What is required:
Exact copies of the lines from the line containing "51789679 0265235291 Réparation" through the last line of the entries below are the whole answer.

Dataset extract:
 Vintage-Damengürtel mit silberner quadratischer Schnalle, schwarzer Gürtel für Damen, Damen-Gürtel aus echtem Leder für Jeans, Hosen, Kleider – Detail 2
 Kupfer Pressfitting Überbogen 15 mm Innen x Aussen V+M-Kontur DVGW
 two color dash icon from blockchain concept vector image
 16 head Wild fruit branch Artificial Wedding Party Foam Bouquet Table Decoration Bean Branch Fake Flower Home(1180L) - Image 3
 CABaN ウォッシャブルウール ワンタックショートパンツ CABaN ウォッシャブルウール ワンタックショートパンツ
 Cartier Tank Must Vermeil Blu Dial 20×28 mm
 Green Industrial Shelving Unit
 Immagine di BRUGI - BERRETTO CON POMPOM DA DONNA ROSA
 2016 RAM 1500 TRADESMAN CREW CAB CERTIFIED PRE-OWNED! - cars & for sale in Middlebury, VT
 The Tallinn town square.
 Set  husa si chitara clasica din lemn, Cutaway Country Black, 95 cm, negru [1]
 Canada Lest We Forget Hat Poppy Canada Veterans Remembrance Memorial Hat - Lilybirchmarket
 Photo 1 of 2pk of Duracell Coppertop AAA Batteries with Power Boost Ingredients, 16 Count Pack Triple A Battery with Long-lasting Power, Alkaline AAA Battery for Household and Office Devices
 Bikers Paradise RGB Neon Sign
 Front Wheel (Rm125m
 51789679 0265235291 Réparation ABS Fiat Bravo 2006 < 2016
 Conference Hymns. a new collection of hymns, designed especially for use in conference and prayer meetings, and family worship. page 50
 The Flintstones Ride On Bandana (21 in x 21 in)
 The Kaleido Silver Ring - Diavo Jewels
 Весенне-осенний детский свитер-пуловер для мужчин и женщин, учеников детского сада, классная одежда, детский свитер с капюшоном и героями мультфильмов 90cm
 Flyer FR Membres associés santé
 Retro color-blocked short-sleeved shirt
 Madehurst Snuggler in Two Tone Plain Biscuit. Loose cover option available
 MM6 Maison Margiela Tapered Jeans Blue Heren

Your response:
 51789679 0265235291 Réparation ABS Fiat Bravo 2006 < 2016
 Conference Hymns. a new collection of hymns, designed especially for use in conference and prayer meetings, and family worship. page 50
 The Flintstones Ride On Bandana (21 in x 21 in)
 The Kaleido Silver Ring - Diavo Jewels
 Весенне-осенний детский свитер-пуловер для мужчин и женщин, учеников детского сада, классная одежда, детский свитер с капюшоном и героями мультфильмов 90cm
 Flyer FR Membres associés santé
 Retro color-blocked short-sleeved shirt
 Madehurst Snuggler in Two Tone Plain Biscuit. Loose cover option available
 MM6 Maison Margiela Tapered Jeans Blue Heren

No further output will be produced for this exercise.